Boulderers needs differ only slightly from the needs of route climbers. They won’t need as much ability to recover actively, but they still need to train for capacity – without a fairly robust recovery system in place, they aren’t going to have very many goes per day before their power wanes. It is critical for boulderers to get past the idea that they don’t need endurance, and get into the mindset that being able to do more work means being able to do more high quality bouldering in any given period.
Bouldering Is Not Training
We go to the gym and boulder with our friends, which is fun and usually helpful to our overall progress. Bouldering with our friends should not be considered training, though. Let’s call it practice or performance. By separating un-organized climbing sessions from our structured training, we can keep things quite focused in each type of session.

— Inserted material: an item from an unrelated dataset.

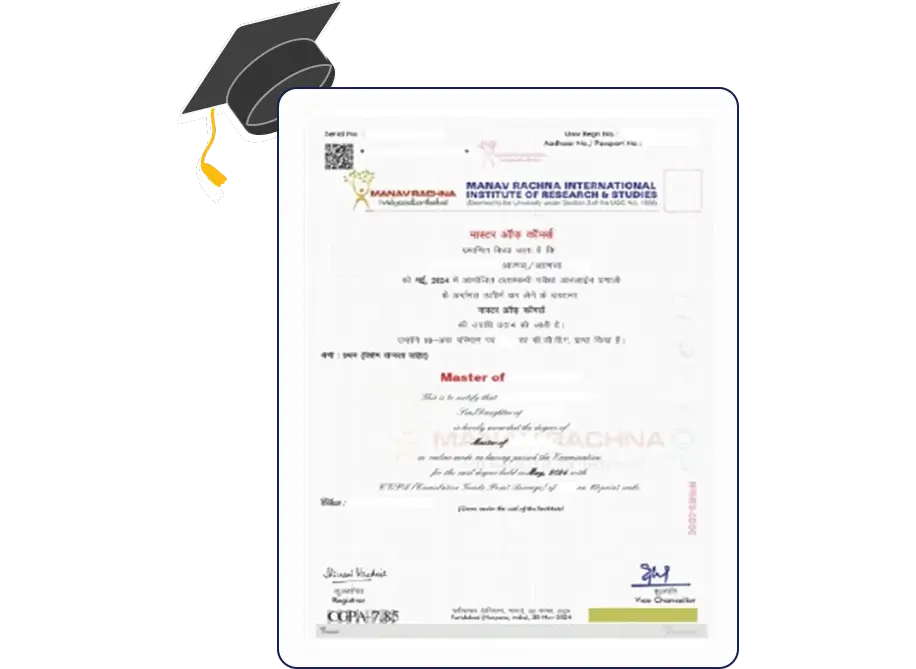 Official certificate layout for Manav Rachna University Online B.Com program with a clean, professional design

I like to program the majority of an athlete’s training as practice-style sessions; climbers should spend most of their time just climbing, and (more importantly) developing skills. A mindful workout structure will help here, with the climber planning a thorough warm-up, a short section of skill-development, and then a nice, fun session of bouldering to finish the day. Let’s call these Bouldering Days.
The focus of these days should be fun and should involve mastering movement as well as spending time with others. These days will be slightly less intense than a limit bouldering day, and should be of higher total duration for this reason.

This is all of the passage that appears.